La star, c’est le Chateau Rayne-Vigneau Sauternes 1904 d’une couleur impériale, d’un or impérieux. En bouche, c’est le grand sauternes tel qu’on l’aime, à l’équilibre sensuellement infini, où les notes d’agrumes composent avec le stilton un accord d’anthologie.
Le Madeira D’Oliveiras Reserva Verdelho 1850 est d’une richesse folle. Doux comme des raisins de Corinthe, au final poivré et goudronné, il plombe le palais de bonheur, décuplé par les carrés de chocolat taillés comme des lingots. Apporté par mes fidèles amis japonais, il est d’une fraîcheur remarquable.
Dans un tel parcours, il y a bien sûr des hauts et des bas. Mais qu’importe, quand les hauts s’établissent à des niveaux aussi élevés. Des amis m’ont apporté quelques verres dont j’ai retenu quelques images, fondées sur une gorgée ou un quart de gorgée, ce qui peut faire passer à côté du message réel :
Le Meursault A. Perdrizet 1948 est un très beau meursault, qui a gardé malgré son âge la typicité du beau meursault. Le Château Pichon Baron de Longueville 1904 au niveau bas que j’ai apporté est quasiment mort, alors que j’en ai bu de très bons du même lot. Le Saint Julien Clos St Albert 1900 à la magnifique étiquette est vivant. Faiblement vivant, mais vivant, apportant un témoignage toussotant d’une année historiquement exceptionnelle.
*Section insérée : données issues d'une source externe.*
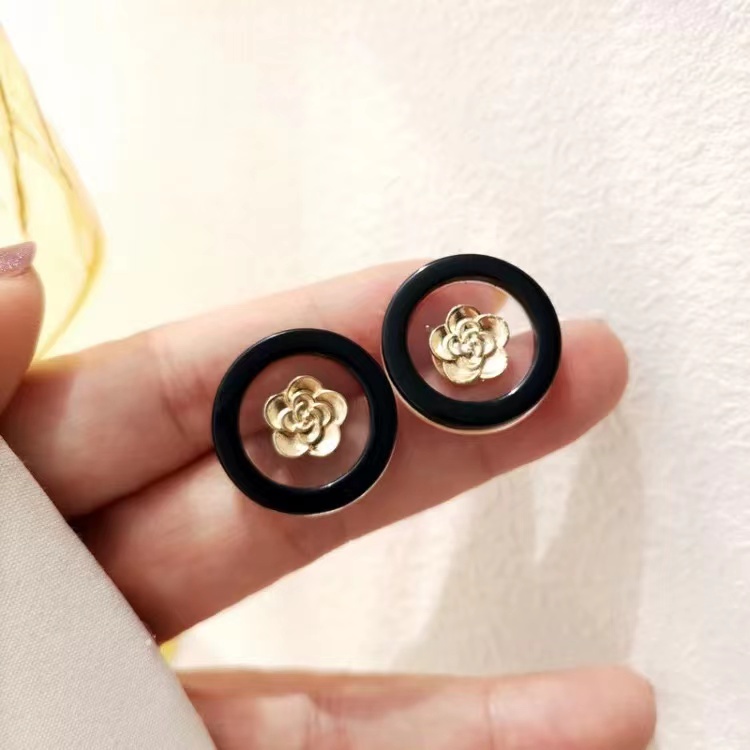 Anting Tusuk Sterling Silver 925 Desain Bunga Camellia Hitam Putih Gaya Retro Untuk Wanita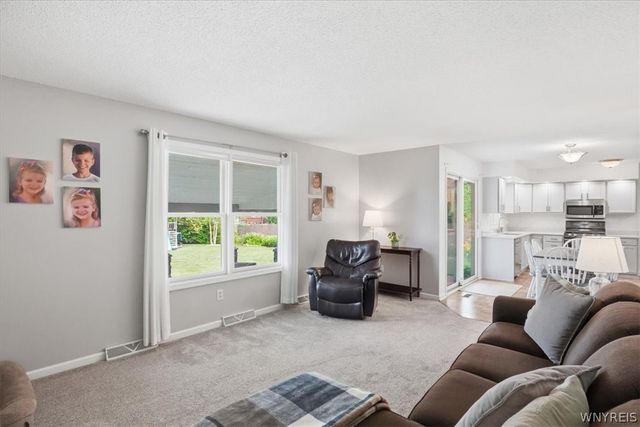 6501 Pincherry, Hamburg, NY 14085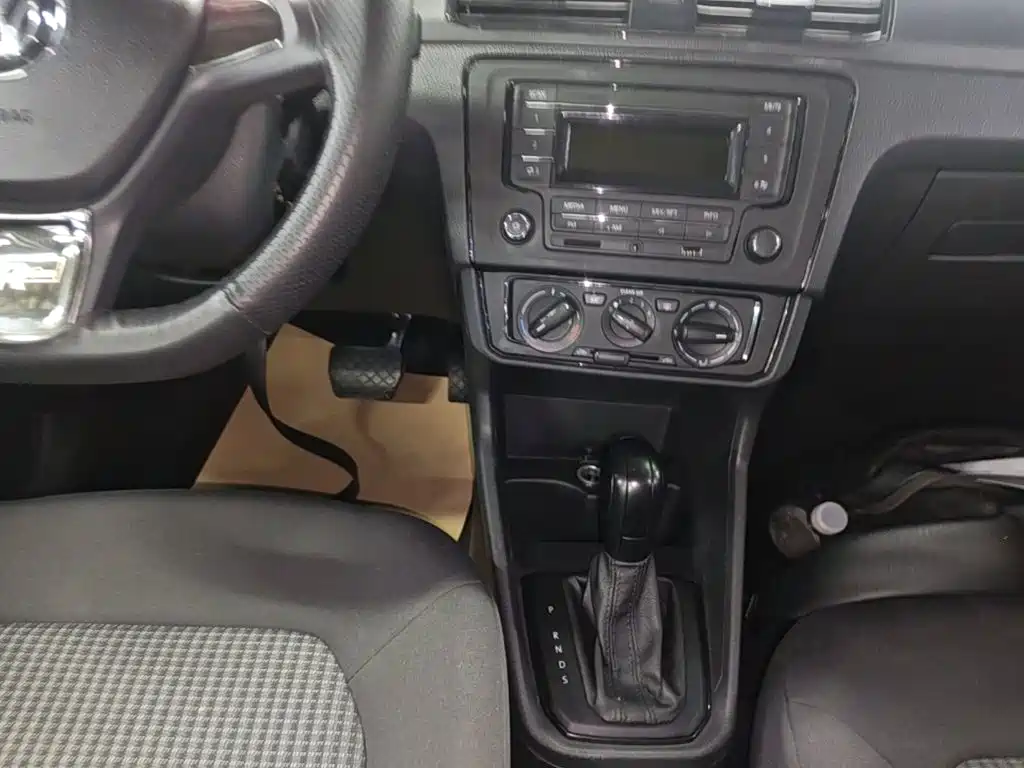 Volkswagen Santana — миниатюра 14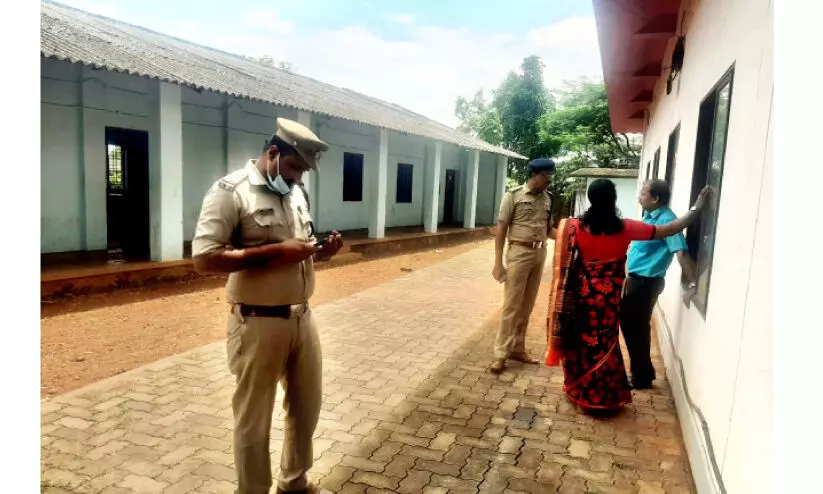 സ്കൂൾ വളപ്പിൽ ജലാറ്റിൻ സ്റ്റിക്കുകൾ: അസി. കമീഷണർ പരിേശാധന നടത്തി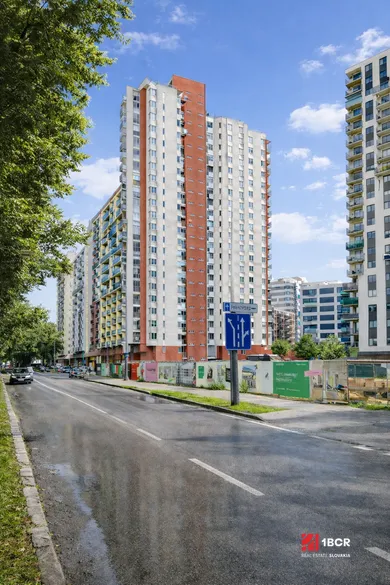 Mieszkania na sprzedaż, 2-pokojowe, Bratislava-Ružinov · €295 000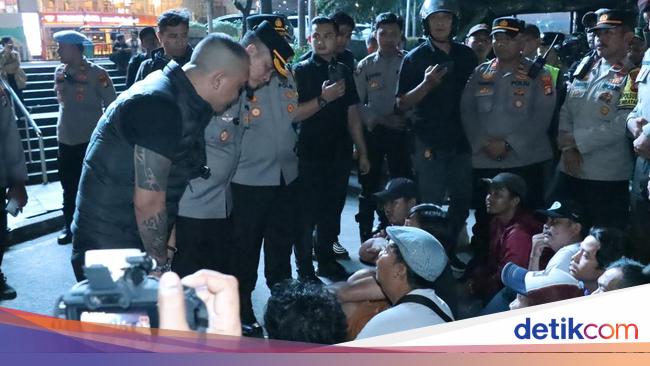 Razia Parkir Liar di Mal Kawasan Jakbar, 11 Orang Diamankan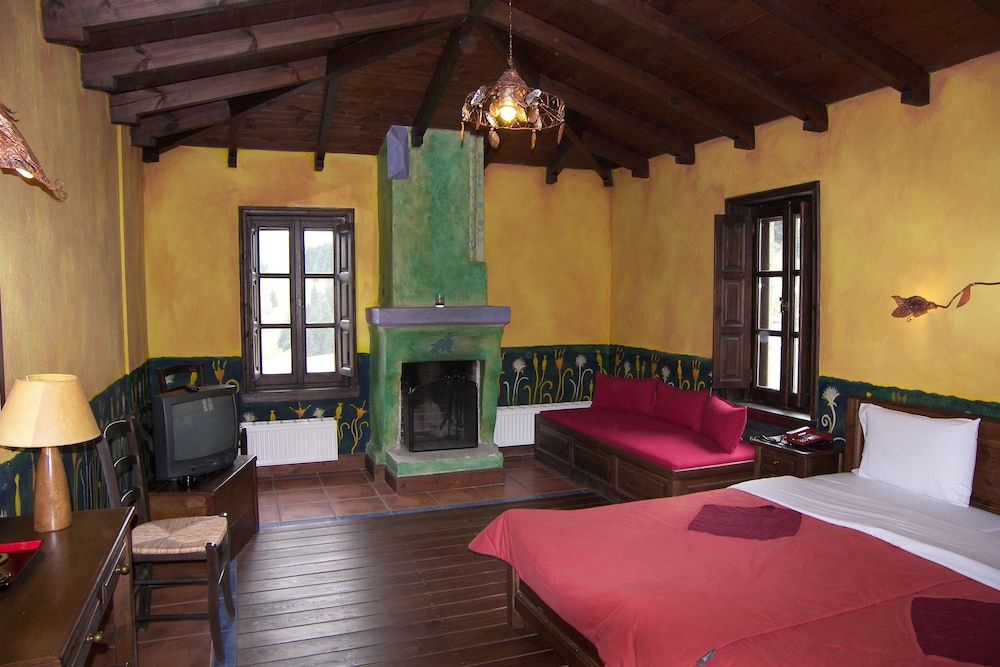 Double Room, Fireplace, Mountain View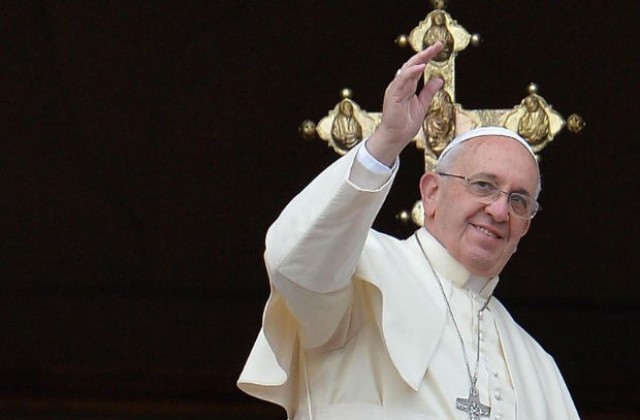Папа Франциск се помоли за мир в Близкия Изток и Африка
Le Château Belair Saint-Emilion 1947 est mort.
Une mention spéciale va au Clos des Papes Chateauneuf du Pape 1971 qui est absolument exceptionnel. Il n’a pas la sérénité du Beaucastel 1959 mais il a plus de fougue. Un vin immense.
Le Château La Louvière blanc 1952, d’une couleur magnifique, d’un nez explosif, est un très grand bordeaux blanc. Le Riesling – Leiweiner Laurentiuslay Auslese – Mosel – Stefan Kowerich 1983 est très pâle mais d’une grande subtilité de vin allemand. C’est un vin que j’aurais dû analyser plus longuement pour en capter tout le message plein de charme.
Nous n’avons pas voté, aussi mon classement est-il fait le lendemain : 1- Château Léoville Barton 1959, 2 – Château de Beaucastel rouge 1959, 3 – Chateau de Rayne-Vigneau Sauternes 1904, 4 – Clos des Papes Chateauneuf du Pape 1971, 5 – Madeira D’Oliveiras Reserva Verdelho 1850, 6 – Château La Louvière blanc 1952, 7 – Puligny-Montrachet Veuve Génin 1959.
Certains ont vu dans le verre qu’il était à moitié plein ou à moitié vide. Ils ont retenu les vins fatigués quand beaucoup d’autres ont retenu les vins brillants que nous avons partagés. Je considère que cette onzième séance est exactement dans la ligne de ce que doit être l’académie des vins anciens, fondée sur deux piliers : l’un qui est d’ouvrir des vins qui doivent être ouverts, et l’autre la générosité. La qualité des séances de l’académie des vins anciens repose sur la générosité et la qualité des apports. Cette séance en a été une belle démonstration. Quand nous ouvrons ces vins anciens, nous leur donnons enfin la mission que leurs vignerons créateurs leur avaient donnée : être bus par des amateurs, en convivialité parfaite.